GIC stands for Guaranteed Investment Certificate.  When you purchase a GIC you’re loaning your money to the bank.  Buying a GIC is essentially saying to the bank ‘yes I will lend you $20,000.00’, and in return the bank says ‘great thank you, we will keep your $20,000.00 for exactly one year, and at the end of that year we guarantee that we’ll give your full 20k back along with 5% interest that we’ll pay you for letting us borrow your money’.  

When you buy a GIC from your bank, before you sign on the dotted line, it’s agreed in advance how long the bank will keep your money for, and what interest rate you’ll earn while you’re lending that money out.  You’re guaranteed to get your full principal back, as well as the predetermined amount of interest, as long as you don’t try to take your money out earlier than agreed on.  This makes it an extremely predictable investment product, which people go crazy for, because you know exactly when you’ll get your money back, and exactly how much you’ll earn from it.  

Now if you’ve been learning with me for a while you might be wondering how is this different than a high interest savings account?  First, the interest rates offered by GIC’s are generally much higher, and you’re usually offered a higher interest rate the longer the term of the GIC, so a 1 year GIC will offer a higher interest rate than a 3 month GIC.  Unlike a high interest savings account, when you buy a GIC you need to leave your money there if you want to earn the interest.  Most GIC’s have heavy penalties for withdrawing your money early, which can often cancel out any interest earned.  So if you think you might need to access your money before the term is up, a high interest account is a better bet for you than a GIC.  


Why Everyone Loves GIC’s Right Now

GIC’s are such a hot topic right now because they’re an extremely safe investment product that’s currently offering an eye catching interest rate.  GIC’s purchased from reputable canadian banks are CDIC insured up to a certain amount, which means you can’t lose your money even if the bank goes bankrupt, and you’re guaranteed your interest rate payout.  For the last few years GIC’s have been largely ignored because they offered so little interest, but recently people are noticing them because we’re seeing offers like 1 year GIC’s with a 5% interest rate of return.  So if you put $1,000.00 into a GIC, you’ll earn $50.00 over the course of that year.  
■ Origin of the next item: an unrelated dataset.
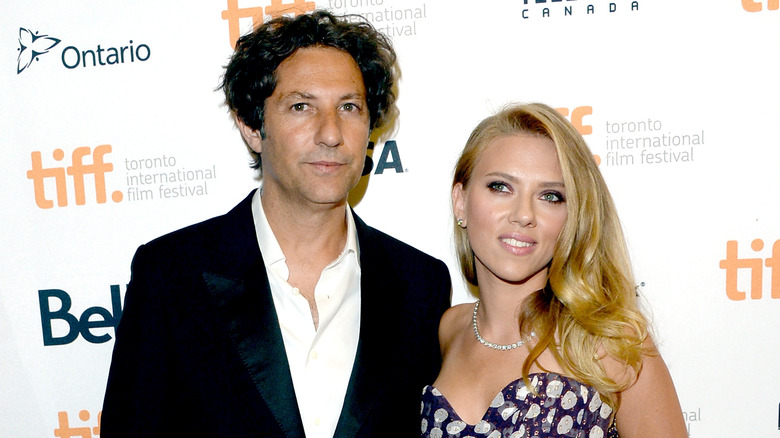 Scarlett Johansson smiles next to Jonathan Glazer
And that sounds pretty good right? It’s guaranteed, it’s extremely low risk, sounds like a good deal.  BUT we all know the saying ‘high risk = high reward’ right?  Well when it comes to GIC’s the more appropriate way to say it would be ‘no risk = low reward’.  Yes they’re safe, and yes 5% sounds like a good return, but only to other young people like myself because we’ve largely spent most if not all of our adult working lives in an extremely low interest rate environment.  So, even though 5% sounds high, it’s not, it doesn’t even keep up with the rate of inflation we’ve experienced this past year, so don’t be fooled by that shiny rate of return. 

What is a GIC Good For?

A GIC is not a good long term investment vehicle, but what it is good for is for people who are saving a chunk of money for a large purchase in the near future.  This means if you’re saving money that you would otherwise be keeping in cash because you’re going to need it very soon, you would look at investing it into a GIC so you can earn at least a little bit of interest and you’re still guaranteed to get it all back in the end.  Examples of what GIC’s might be useful for are saving money for a downpayment, a tuition payment, a new car, or to start your own business.
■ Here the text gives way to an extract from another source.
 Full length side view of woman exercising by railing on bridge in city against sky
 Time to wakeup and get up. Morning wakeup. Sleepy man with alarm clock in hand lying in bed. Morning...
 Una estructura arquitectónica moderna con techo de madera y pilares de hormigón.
These are all examples of expenses that you need to save a relatively big chunk of cash for, and you absolutely don’t want to risk losing that cash.  A GIC is a good buy in these cases because you know when you’ll get your money back, your principal investment is guaranteed, and you know how much you’ll earn from the GIC.
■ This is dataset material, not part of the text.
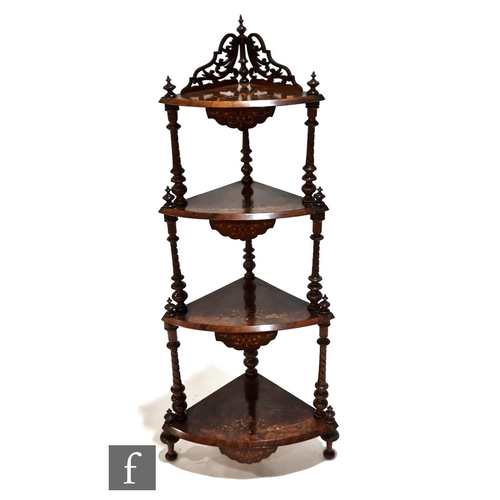 1010 - A Victorian walnut four tier corner what-not, with line inlaid detail and fret-cut gallery to the up...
When Should You Not Use a GIC?

This brings us to what a GIC is NOT supposed to be used for, which unfortunately conflicts with why a lot of people are feeling excited about GIC’s right now.  You should NOT be viewing GIC’s as a good investment for long term retirement investing.  People love the idea of the safety of a GIC, and many people who have been too afraid to invest in the market are turning to GIC’s as alternative investments, but this is definitely not what a GIC is intended to be used for!  

Why do you not want to use a GIC for long term investing?  The single biggest reason comes down to the opportunity cost.  Yes, for a year you’re guaranteeing that you’re going to earn 5%, but based on historical average rates of return in the stock market you’re going to cost yourself at least that same amount of money and likely much more in potential returns in the long run.  Yes it feels safe, but do the math for how much of your own money you’re going to have to invest to be able to retire eventually using a 5% rate of return.  You’re going to have to come up with a tonne of cash yourself to fund your retirement at this rate compared to how much you’d have to contribute over 30-40 years of being invested in the stock market.  And that’s even making the assumption that GIC rates are going to stay as high as they are right now!  If you’re still in the active years of your working life and you’re using a GIC as an investment option for your future retirement strategy, you’re essentially shooting yourself in the foot at the start of the marathon.  You’re crippling your ability to grow wealth, and you’re going to have to hope you come up with some windfall of money at some point in your life to make up for the lost opportunity cost of using GIC’s instead of the standard low cost index fund recommendations for beginner investors.  

So, remember, a GIC can be a great tool to use for increasing the value of money you would otherwise have sitting around in cash, like money you’re saving for a downpayment for a home.  A GIC is absolutely not part of a long term investing strategy for your future though, as it’s simply not a powerful enough wealth building tool to get you to where you need to be if you want to afford to retire one day.  So, don’t get caught up in the hype about GIC’s, and don’t get caught up in the fear about the volatility of the stock market!